Why can’t the authorities track down the Wikileaks leakster? -

It is time to ask questions that no-one has asked yet, about Wikileaks. With thousands and thousands of files leaking onto the world wide web, how come no-one has tracked down who or what is leaking this stuff? This is a lot of data. Data can be tracked.

Let me give you a small example of how easy it is to track down people leaking stuff. A few years back, at the INQster, someone at a major UK publishing company sent me an email tipping me off about a story, which we ran. The next day, he was summoned to the office of the publisher and told he had been fired for gross misconduct. “You sent an email to Mike Magee using our email system, and you’re being fired because of that.”  He had no response he could make. Reed had tracked the email down.

Years before, at the Rogister, someone leaked to me information about the shape of the Pentium 4 – from his Intel address. I immediately replied, saying stop using your intel.com address, you’ll get yourself fired.
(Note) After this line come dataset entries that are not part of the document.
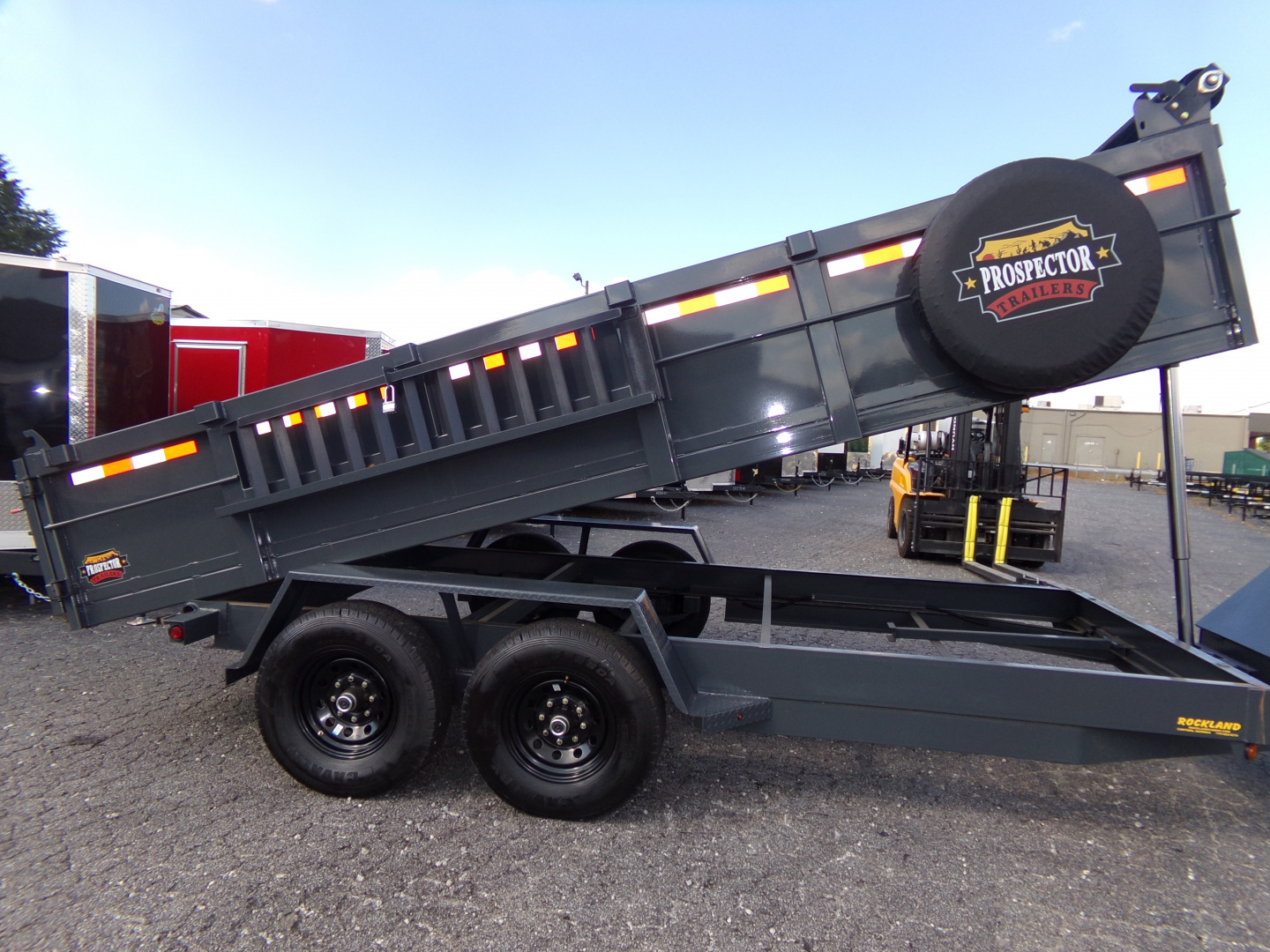 New 2026 Covered Wagon Trailers D-7X16X2X14-T Dump Trailer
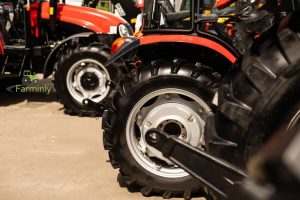 Tractors with tube tires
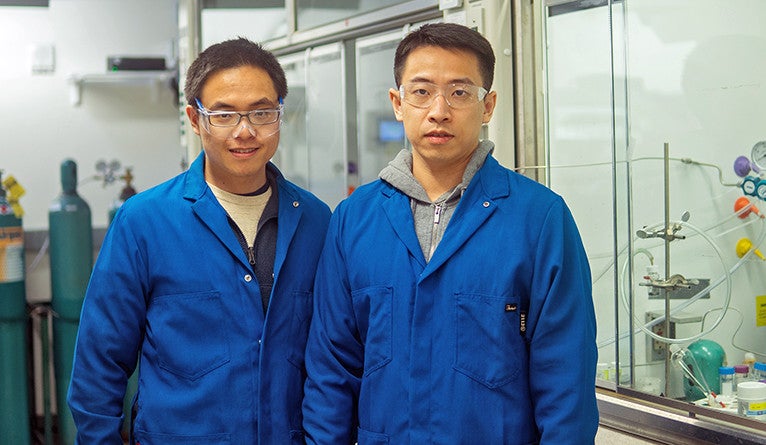 Yueshen Wu (left) and Xu Lu, co-authors of the new study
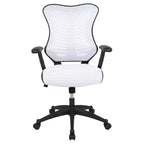 Chaise de bureau ergonomique pivotante Flash Furniture Executive Designer Mesh à dossier haut avec accoudoirs réglables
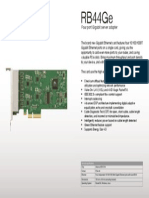 RB44Ge: Four Port Gigabit Server Adapter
I think he kept his job.

The whole Wikileaks phenomenon poses a number of questions, and causes me to wonder several things.

Is it someone or more than one person in the Obama administration that is leaking this stuff for its own political ends? Is the Chinese government so clever that it is able to leak the stuff to Wikileaks? Is it the Iranian government? Russia? North Korea?  Is there someone in a data centre somewhere that is able to access all these different files and send them to Wikileaks? And, nearly lastly, are all those files encrypted? And, finally, are the computer systems so leaky that the really embarrassing thing is that they’re an open book to anyone who cares to hack, hack and hack again?

Of course, I have no idea who is sending thousands of emails, PDFs or whatever they are to Wikileaks. But doesn’t this pose the really interesting question – next time a government or administration geezer stands up to condemn the Wikileaks stuff, shouldn’t some journo with gumption ask why the IT staff hasn’t tracked down the culprit or culprits yet?

It beggars belief that there isn’t someone who knows who exactly is leaking the stuff. And it also prompts the question why governments haven’t owned up that their p0wned. Doesn’t it? Maybe the governments should get Intel on the case, because the security authorities don’t seem to have an earthly how or why it’s happened. Or if they do, they are just not saying.

Inquiring and curious minds want to know. I bet Intel and Reed Publishing could help. It just isn't, and can't be Bradley Manning.